Chainlink’s Run to $20 Beneficial properties Steam Amid LINK Taking the Helm because the High Creating DeFi Challenge ⋆ ZyCrypto

May 17, 2025
Image 100 1024x683.png

Easy methods to Use LLMs for Highly effective Computerized Evaluations

August 13, 2025
Blog.png

XMN is accessible for buying and selling!

October 10, 2025
0 3.png

College endowments be a part of crypto rush, boosting meme cash like Meme Index

February 10, 2025

EDITOR'S PICK

Nvidia Kai Scheduler 2 1 0425.png

NVIDIA Open Sources Run:ai Scheduler

April 1, 2025
Unnamed 39.png

Imaginative and prescient Transformers (ViT) Defined: Are They Higher Than CNNs?

March 1, 2025
Robot shutterstock.jpg

Google Deepmind hackathon to pit meatbags v machines • The Register

March 18, 2026
9e270cf6 cc57 4182 bc1f 28970dc64e73 800x420.jpg

Peter Thiel-backed crypto trade Bullish formally recordsdata for IPO

July 19, 2025

About Us

Welcome to News AI World, your go-to source for the latest in artificial intelligence news and developments.

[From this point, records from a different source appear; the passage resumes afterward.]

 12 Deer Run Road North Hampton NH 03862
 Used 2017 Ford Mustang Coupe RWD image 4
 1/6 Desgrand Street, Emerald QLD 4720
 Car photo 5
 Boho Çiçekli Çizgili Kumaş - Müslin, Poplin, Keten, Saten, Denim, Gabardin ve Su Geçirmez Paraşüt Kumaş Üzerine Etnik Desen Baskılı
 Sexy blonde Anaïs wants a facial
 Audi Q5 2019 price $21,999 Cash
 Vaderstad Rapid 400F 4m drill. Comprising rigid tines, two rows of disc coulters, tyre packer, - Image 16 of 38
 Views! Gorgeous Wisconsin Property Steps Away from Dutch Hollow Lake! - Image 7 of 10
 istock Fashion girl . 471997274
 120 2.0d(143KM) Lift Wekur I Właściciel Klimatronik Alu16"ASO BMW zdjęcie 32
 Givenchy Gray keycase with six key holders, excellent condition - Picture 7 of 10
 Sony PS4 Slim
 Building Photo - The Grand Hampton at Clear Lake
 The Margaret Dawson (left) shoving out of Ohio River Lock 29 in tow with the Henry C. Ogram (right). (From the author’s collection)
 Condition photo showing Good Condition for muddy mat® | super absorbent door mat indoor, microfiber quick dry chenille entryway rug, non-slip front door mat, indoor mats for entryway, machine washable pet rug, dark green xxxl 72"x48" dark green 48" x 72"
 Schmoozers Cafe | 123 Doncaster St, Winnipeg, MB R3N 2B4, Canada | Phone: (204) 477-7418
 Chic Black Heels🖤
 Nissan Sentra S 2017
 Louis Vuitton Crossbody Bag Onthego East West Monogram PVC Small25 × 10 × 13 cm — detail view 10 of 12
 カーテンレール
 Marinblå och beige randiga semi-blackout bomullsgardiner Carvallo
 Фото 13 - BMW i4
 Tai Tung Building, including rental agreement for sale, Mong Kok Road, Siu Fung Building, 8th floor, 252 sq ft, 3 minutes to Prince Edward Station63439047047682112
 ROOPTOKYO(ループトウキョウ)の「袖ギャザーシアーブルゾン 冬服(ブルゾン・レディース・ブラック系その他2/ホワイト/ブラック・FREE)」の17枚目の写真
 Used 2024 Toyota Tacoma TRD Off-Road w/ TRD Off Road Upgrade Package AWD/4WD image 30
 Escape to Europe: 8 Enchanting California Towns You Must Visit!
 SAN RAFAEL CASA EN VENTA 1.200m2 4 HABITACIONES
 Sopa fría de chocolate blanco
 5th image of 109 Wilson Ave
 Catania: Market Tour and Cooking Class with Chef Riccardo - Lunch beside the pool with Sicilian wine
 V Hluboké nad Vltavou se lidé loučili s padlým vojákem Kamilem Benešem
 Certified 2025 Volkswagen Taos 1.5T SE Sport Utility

Our mission is to deliver comprehensive and insightful coverage of the rapidly evolving AI landscape, keeping you informed about breakthroughs, trends, and the transformative impact of AI technologies across industries.

Categories

  • Artificial Intelligence
  • ChatGPT
  • Crypto Coins
  • Data Science
  • Machine Learning

Recent Posts

  • 5 AI Coding Subscription Plans That Give Builders the Finest Worth
  • The right way to Select Between Small and Frontier Fashions
  • Vitalik Particulars Cryptographic Path To Non-public Onchain Voting
  • Home
  • About Us
  • Contact Us
  • Disclaimer
  • Privacy Policy

© 2024 Newsaiworld.com. All rights reserved.

No Result
View All Result
  • Home
  • Artificial Intelligence
  • ChatGPT
  • Data Science
  • Machine Learning
  • Crypto Coins
  • Contact Us

© 2024 Newsaiworld.com. All rights reserved.

Are you sure want to unlock this post?
Unlock left : 0
Are you sure want to cancel subscription?